"Those who try to force change through vengeance often find they have not broken the cycle, but fed it—creating a new cycle—one more cruel and twisted than the one they sought to end."
- Anonymous Citizen upon seeing the aftermath of the failed uprising.
Before the eight nations came into being...
Long ago, the world was wild—its peoples scattered, warring, and leaderless. Tribes clashed for pride and survival, and the land bled endlessly. It is said that the seemingly endless wars would eventually lead to the extinction of all tribes. Such a day would never come to pass as the ancestors of the Nobility rose from this chaos, not as conquerors, but as stewards of order. Their reign began with fire and sword—but from their violence came peace. And from their dominion, order.
A great system was born: vast, intricate, enduring. It brought unity to a broken land. Yet as generations passed, the fruits of that peace ripened unevenly. Inherited responsibility would soon become inherited privilege. The descendants of those first rulers rose ever higher, borne upward by law and lineage. And the common citizens, though no longer at war, began to endure a different battle.

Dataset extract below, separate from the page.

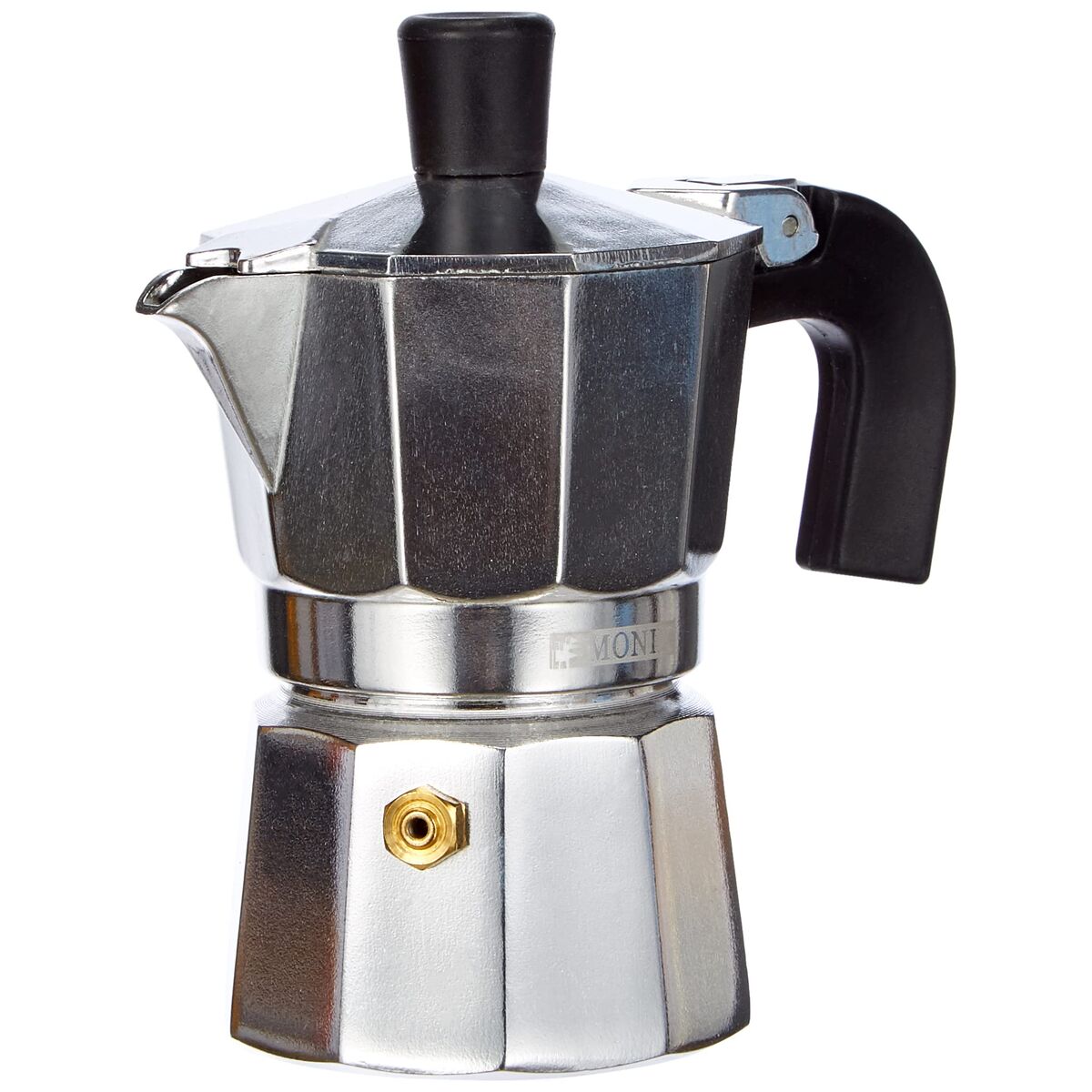 Italian Coffee Pot Monix Braisogona_M620001 Silver 1 Cup, view 3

Perhaps the creators of the system never meant for it to be cruel — but intent meant little as the system quietly tilted in one direction. Generation after generation, one side gathered more wealth and power, while the other was left with less — less wealth, less land, less voice… less hope. That imbalance, that inequality, deepened like low pressure in the sky, and beneath it, a storm began to form — slow, silent, and inevitable.
Until one fateful night, in a city seen as the sacred cradle of a powerful nation, that storm broke.
They chose violence as their voice. And champion. But violence was neither a voice nor a champion. It was a blunt weapon. And in the confusion, many of those harmed were not enemies, but allies—Nobles who had listened, who had passionately advocated for change, who had stood at the precipice of losing all they held dear to fight for what they believed to be right. They died alongside those who never cared. The tragedy of their fate being —they died because they did care.
The insurrection failed. Its leader believed perished and their followers scattered. But the damage was done. The wounds and trauma of that night still remained. Trust, once fragile, was now broken. Many who were lost that night did not deserve the fate they met. That truth caused some to remember a cautionary tale they once heard:
“Even monsters can bleed from wounds they did not deserve — and some will carry those scars like weapons.”